* Le pape argentin veut une Eglise humble et austère

* Changements attendus au sein de la Curie

* Vers la nomination d'une commission consultative

par Philip Pullella

CITE DU VATICAN, 2 avril (Reuters) - Le pape François, qui veut faire de l'Eglise catholique un modèle d'humilité et d'intégrité, pourrait restructurer, voire fermer l'Institut pour les oeuvres de religion (IOR), miné par les scandales, dans le cadre d'une réorganisation du Vatican.

Le successeur de Benoît XVI, qui hérite d'une Eglise éclaboussée par les affaires de pédophilie, le scandale des fuites du VatiLeaks et des luttes intestines au sein de la Curie, étudie actuellement les pistes à sa disposition.

Le traitement du dossier de l'IOR, surnommé la banque du Vatican, aura valeur de symbole pour le pape argentin adepte d'une Eglise des pauvres, plus sobre et proche de ses fidèles.

En 2012, un audit européen sur le blanchiment d'argent concluait que cet établissement réputé pour son opacité ne respectait pas toutes ses obligations en matière de lutte contre ce fléau.

"S'il le souhaite, le pape peut assurément fermer l'IOR", avance un prélat qui a traité directement et pendant de longues années avec cette banque.
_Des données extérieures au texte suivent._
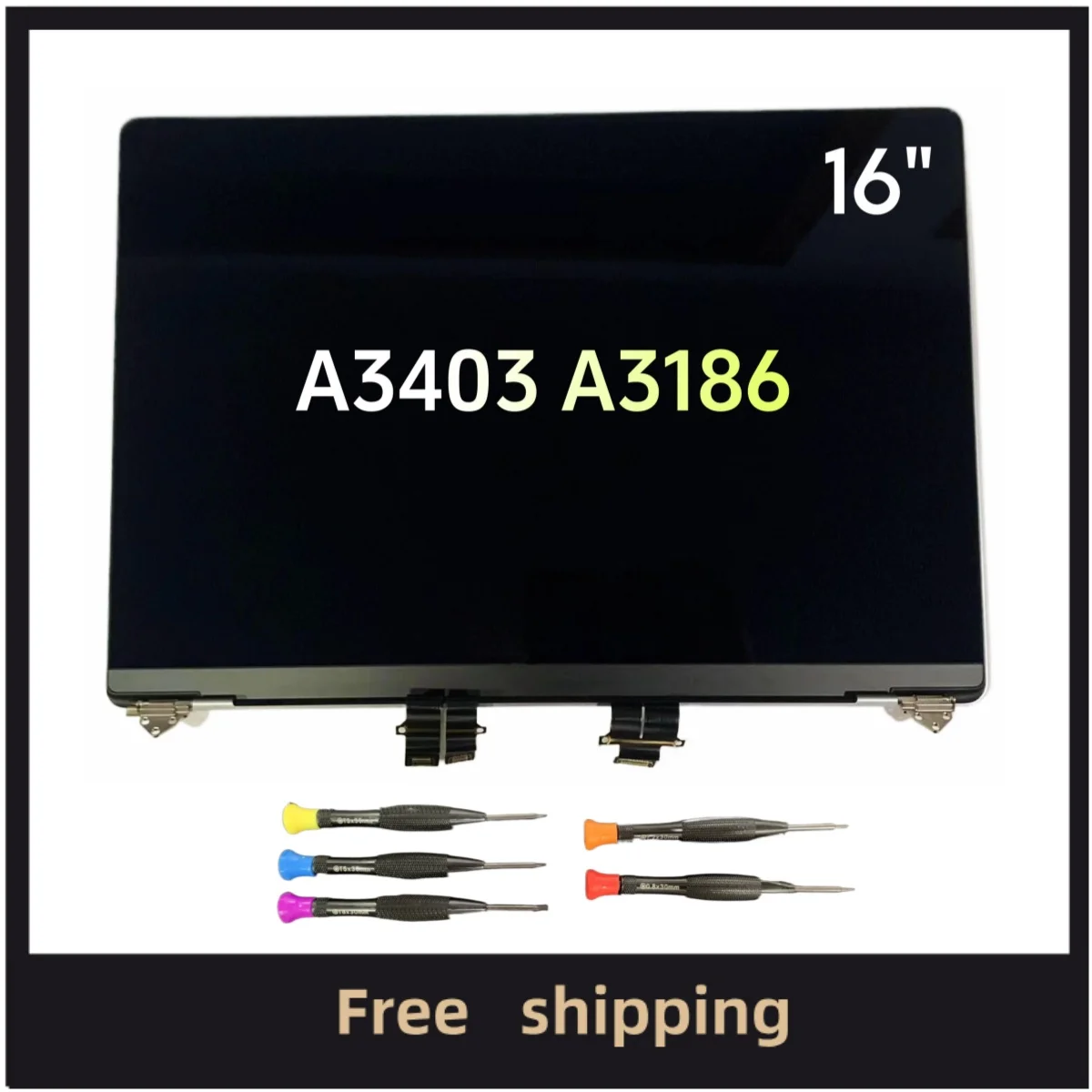 

New M4 Laptop LCD For MacBook Pro Max M4 16inch A3403 A3186 LCD Screen 2024 Year EMC 8624 8895 LCD Display Screen Complete Assem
Pour ce haut responsable vaticanais, ce dossier est l'un des plus importants auquel l'ancien archevêque de Buenos Aires va être confronté une fois l'agitation de son élection surprise retombée.

Cependant, une réforme en profondeur de l'IOR n'est pas pour demain et devra attendre des changements à la Secrétairie d'Etat, qui fut au centre du VatiLeaks qui a ébranlé les derniers mois du pontificat du pape bavarois.

"CELA PRENDRA DU TEMPS"

Ces changements passeront, selon toute vraisemblance, par le remplacement du secrétaire d'Etat actuel, l'Italien Tarciscio Bertone, n°2 de la hiérarchie vaticane après le pape et sorte de Premier ministre du Saint-Siège et à qui ont été en grande partie imputés les dysfonctionnements et querelles intestines qui ont émaillé les huit années du pontificat de Benoît XVI.

"Cela prendra du temps (de réformer l'IOR)", dit un autre responsable du Saint-Siège qui n'est pas un prélat et qui, comme la première source, s'exprime sous le sceau de l'anonymat.

Le second interlocuteur table pour une "restructuration en profondeur" de la banque du Vatican, qui gère l'argent du Saint-Siège, des institutions religieuses internationales et des ordres religieux, plutôt que pour sa fermeture pure et simple.

"Mais je n'excluerais rien, y compris une fermeture. Le pape François nous surprend chaque jour qui passe !", prévient-il.

Pour ces deux sources, le pontife argentin pourrait, dans un premier temps, créer une commission chargée de le conseiller en matière de réforme financière de l'institution bancaire.

La nomination d'un nouveau secrétaire d'Etat sera un premier signe de changement. "La question n'est pas de savoir si mais quand le cardinal Bertone quittera ses fonctions", estime le prélat cité plus haut. "Reste à savoir qui le pape choisira pour le poste".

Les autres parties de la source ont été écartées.